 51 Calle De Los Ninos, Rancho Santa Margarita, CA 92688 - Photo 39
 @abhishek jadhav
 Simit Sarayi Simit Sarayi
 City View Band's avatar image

####

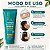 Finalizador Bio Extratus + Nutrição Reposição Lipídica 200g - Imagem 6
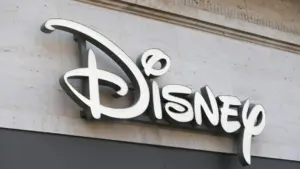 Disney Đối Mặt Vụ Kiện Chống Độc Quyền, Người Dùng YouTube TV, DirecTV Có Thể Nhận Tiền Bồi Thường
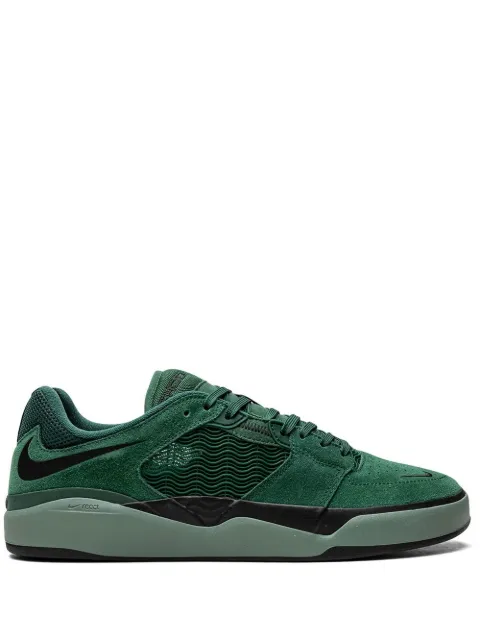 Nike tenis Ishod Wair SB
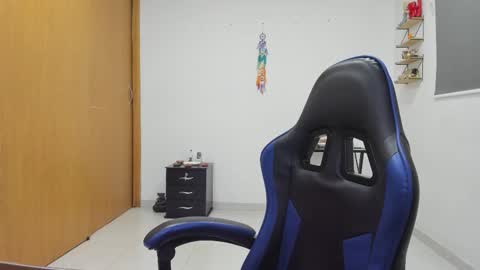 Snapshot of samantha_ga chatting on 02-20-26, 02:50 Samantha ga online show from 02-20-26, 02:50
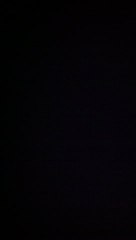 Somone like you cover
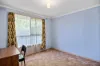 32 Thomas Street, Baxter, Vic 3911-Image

####

Retype, in the same exact form, the lines of the material above from the line holding "51 Calle De" through the line holding "City View Band's avatar image".

 51 Calle De Los Ninos, Rancho Santa Margarita, CA 92688 - Photo 39
 @abhishek jadhav
 Simit Sarayi Simit Sarayi
 City View Band's avatar image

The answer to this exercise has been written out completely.